Athletes from Esmeraldas are especially successful. A glance at Ecuador’s soccer team would have one think they were from Cuba, Trinidad or Jamaica—anything but a South American mountain republic.
There are enclaves like Esmeraldas in many countries in Central and South America. In the last chapter of PBS’ Black in Latin America, Henry Louis Gates looks at two such areas: the black peoples of Veracruz and the Costa Chica in Mexico and the enclave outside Lima, Peru.
Unlike the Caribbean, Central and South America’s native population was too vast and too concentrated to be wiped out. The cultures of these areas, thus, carried a more Amerindian hue. The exception is the Southern Cone, where marginal native populations, as well as Africans, were absorbed into large European immigrant communities.
Yet according to Gates, the African influence is much larger than we realize—especially as African influences were absorbed or subsumed into the larger Hispano-Amerindian community.

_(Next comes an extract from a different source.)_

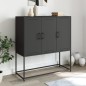 vidaXL Highboard Schwarz 100,5x39x107 cm Stahl vidaXL Highboard Schwarz 100,5x39x107 cm Stahl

More Africans were imported into Mexico and Peru than the United States. Almost half of all enslaved Africans imported to Spanish America came to Mexico. Cities such as Lima and Veracruz contained a distinct African hue, in contrast to the Spanish-native hybrid culture that surrounds them. Many Mexicans and Peruvians contain some African blood, even those that look mestizo. Furthermore, cultural aspects such as music, dance, and food contained as much African influence as from Europe and the Americas.
So apart from a few enclaves, where did all the Africans go?
In Mexico, the slave boom was early and brief, through the 17th century, and emancipation came sooner (in 1829). Blacks intermarried earlier and more vigorously, and by the 1920s it was difficult to even tell who was of African descent. Officially, scholars and politicians extolled the multi-racial “brownness” of Mexico’s people—a homogenization of all cultures that pushed black identity into the background.
A similar pattern occurred in Peru and other South American nations. Although emancipation was more gradual in South America, the overwhelming native and mestizo populations mixed just as vigorously into African families, creating a similar “brownness” to the Mexican experience.
The most dramatic—and tragic—example is on the Rio de la Plata in Argentina, where black populations were almost entirely integrated into either mestizo or, more commonly, European immigrant populations. In effect, this did in fact wipe out the African influence on the Southern Cone, with the exception of Uruguay, where blacks and mulattos from neighboring Brazil buttress their own communities.
So in looking at these groups, and the series in a whole, I’m left with one question: Is racial intermingling and color-blindness necessarily a good thing?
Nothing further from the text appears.